Rather, we suggest that a possible way to address the potential confound is to carry out ES studies with pre-linguistic children or animals. This is a considerable scientific challenge, which to our knowledge has not yet been undertaken. We hope that this review will stimulate researchers to tackle it soon, testing along the way whether ES can be a successful methodology for studying social communication in its most general forms. And this leads us to our second and final remark.
Up until now, most of ES has been conducted at a behavioral level of analysis. However, as we argued above ES is also amenable to neuroscientific investigation and this line of research seems particularly promising to us because studying neural correlates of cognitive activities related to social interactions is most likely to succeed in the context of tasks that are intrinsically social (see Sebanz et al., 2006; Galantucci and Sebanz, 2009 for similar arguments in relation to behavioral correlates).

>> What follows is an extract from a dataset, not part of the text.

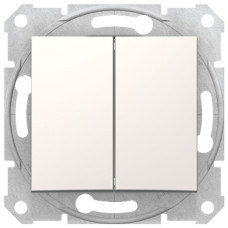 Выключатель 2-клавишный проходной скрытый слоновая кость Schneider Electric Sedna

It is our hope that this review in a journal primarily focused on neuroscience will stimulate more research in this direction.
Conflict of Interest Statement
The authors declare that the research was conducted in the absence of any commercial or financial relationships that could be construed as a potential conflict of interest.
Acknowledgment
Bruno Galantucci was supported by the National Science Foundation (BCS-1026943).
Footnotes
1We use the term Experimental Pragmatics in a restricted sense to refer only to those experimental studies that directly address interactive conversation.
2Historically, the studies performed by experimental semioticians are similar in spirit to the studies performed by a number of rulers such as Psammeticus I (seventh century BCE), Frederick II (thirteenth century CE), James IV of Scotland (sixteenth century CE), and Akbar the Great (seventeenth century CE). These rulers deprived newborns of linguistic input for prolonged periods of time to investigate which forms of communication the children would spontaneously develop. Modern experimental semioticians, however, study human adults for much shorter periods of time, performing experiments which do not cause any harm to participants.
3A few years before these studies, Goldin-Meadow et al. (1996) studied the generation of novel forms of human communication in the laboratory. In particular, they asked people to describe visually presented scenes twice, first using speech and then using exclusively gesture. In a general sense, the latter condition qualifies as a study in ES. However, the messages produced by the gesturers had no actual recipients except the experimenters who coded them. In other words, participants engaged in imagined rather than actual communication. For this reason, we decided not to include that study in the present review.
4Interestingly, they note that positional number codes have only emerged in recent times (e.g., unknown to the Romans), perhaps because they are conceptually challenging.
5In semantics this is sometimes called the symbol grounding problem (Harnad, 1990).